Uno che conosce i giovani è sicuramente Linus, conduttore e direttore artistico di Radio Deejay dal 1996, il quale, nello scrivere la prefazione del libro di Salvaggio, ha raccontato come 25 anni fa si sia trovato di colpo e inaspettatamente a prendere le redini di un’emittente che era di grande successo, ma aveva un claim molto chiaro: poche parole e tanta musica. “Non avevo idea di dove l’avrei portata – confessa Linus – e certamente non pensavo di costruirne una diametralmente opposta. Ma è andata così, perché così è la radio che io amo fare. Perché noi facciamo quello che siamo”. Linus come Erika hanno trovato la propria strada essendo se stessi ed è questa l’esortazione di fondo che si coglie in tutto il percorso di personal branding che il laboratorio dell’università milanese ha costruito nella convinzione che oggi a farla da padrone nei colloqui di lavoro sono soprattutto le cosiddette “soft skill”, ovvero motivazione, flessibilità, proattività, curiosità, l’approccio alle sfide e al cambiamento, caratteristiche che non si insegnano nelle scuole e nelle università ma fanno parte del patrimonio personale.

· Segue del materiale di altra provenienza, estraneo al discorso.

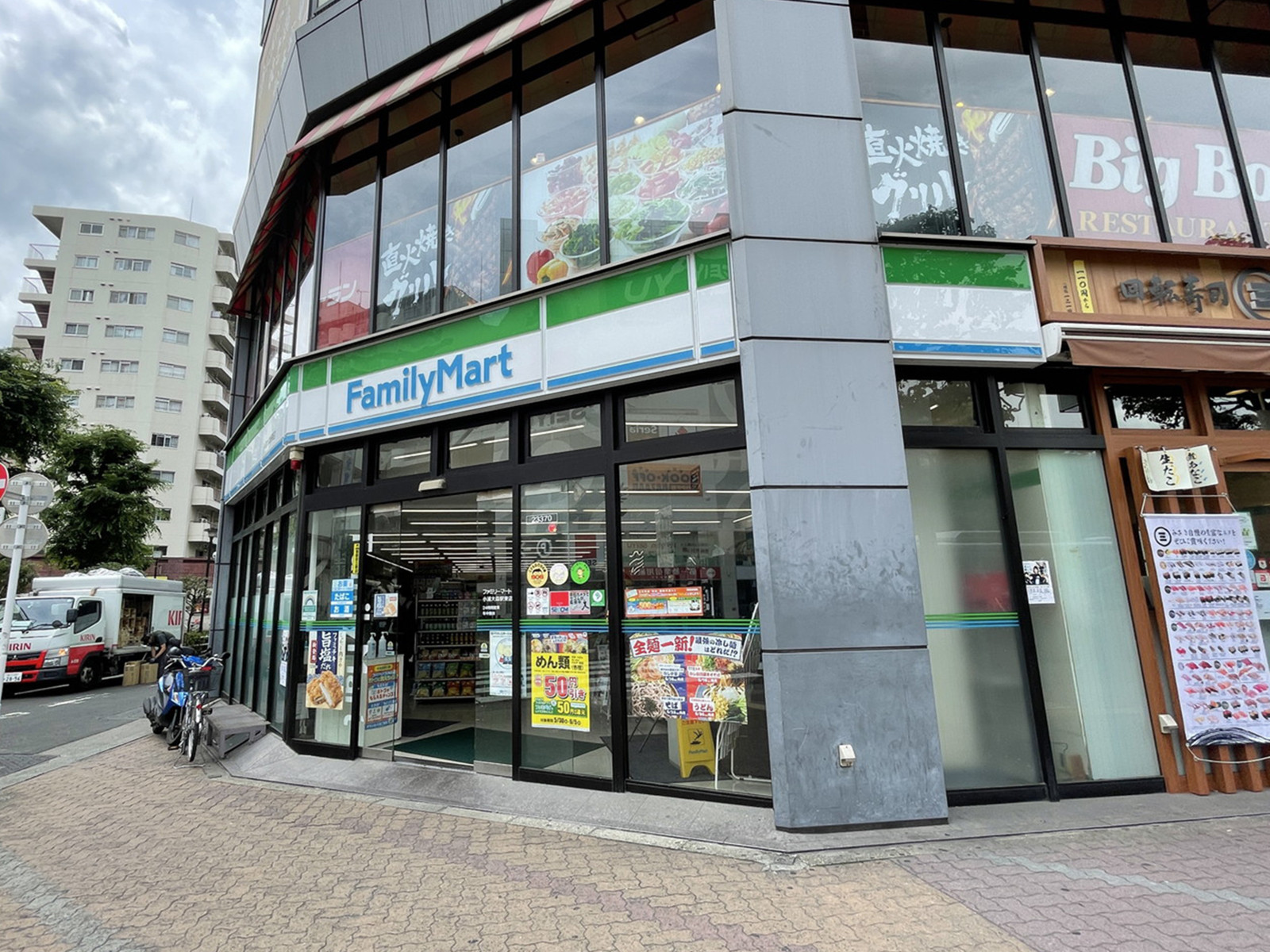 徒歩1分のファミリーマート小浦大森駅東店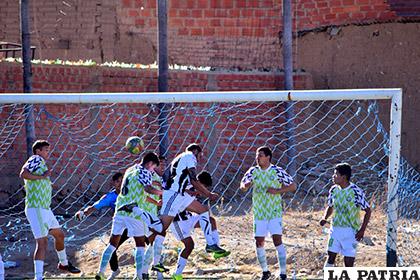 Oruro Royal tuvo oportunidades para ganar el partido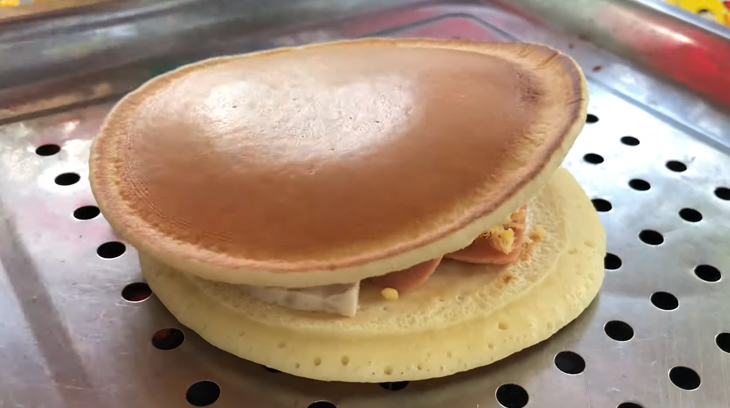 Bước 5 Kẹp bánh Bánh rán doremon nhân mặn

“Anche se può sembrare strano vista la loro propensione a stare sui social, i giovani fanno fatica a raccontarsi – prosegue Salvaggio – Sono molto presenti su Instagram e TikToc con foto e storie e poco su Linkedin, dove le aziende vanno più a caccia di talenti. Per questo hanno bisogno di acquisire un metodo che non equivale semplicemente a vendere la propria immagine, ma vuol dire partire da una messa a fuoco dei propri punti di forza e saperli comunicare trasmettendo passione ma anche controllo. E questo approccio dovrebbe essere adottato anche dalle persone più mature che devono ricollocarsi, diventate numerose con l’emergenza Covid”. Accade, però, sempre più spesso che siano i giovani, e non solo, a scegliersi l’azienda e non viceversa, come spiega nella sua testimonianza Mario Ceresa, amministratore delegato di Randstand Italia, branch della multinazionale olandese di ricerca, selezione e formazione di risorse umane. “Dalle nostre analisi emerge chiaramente che attrarre e trattenere i migliori talenti sul mercato non è più soltanto una priorità per le aziende, ma una vera e propria emergenza. Per il 76 per cento dei professionisti che reclutano personale, infatti, la scarsità di talenti è una preoccupazione cronica e così si sta diffondendo una strategia di reclutamento che fa leva su un ambiente di lavoro confortevole e inclusivo, oltre che su retribuzioni e benefit interessanti”. Nell’ultimo anno il 17 per cento degli italiani (switcher) ha iniziato a lavorare per un’altra azienda, l’83 per cento non ha cambiato lavoro (stayer) e il 28 per cento di questi ultimi (intender) ha intenzione di farlo nei prossimi dodici mesi. Per tutti l’equilibrio tra vita privata e lavoro è al primo posto.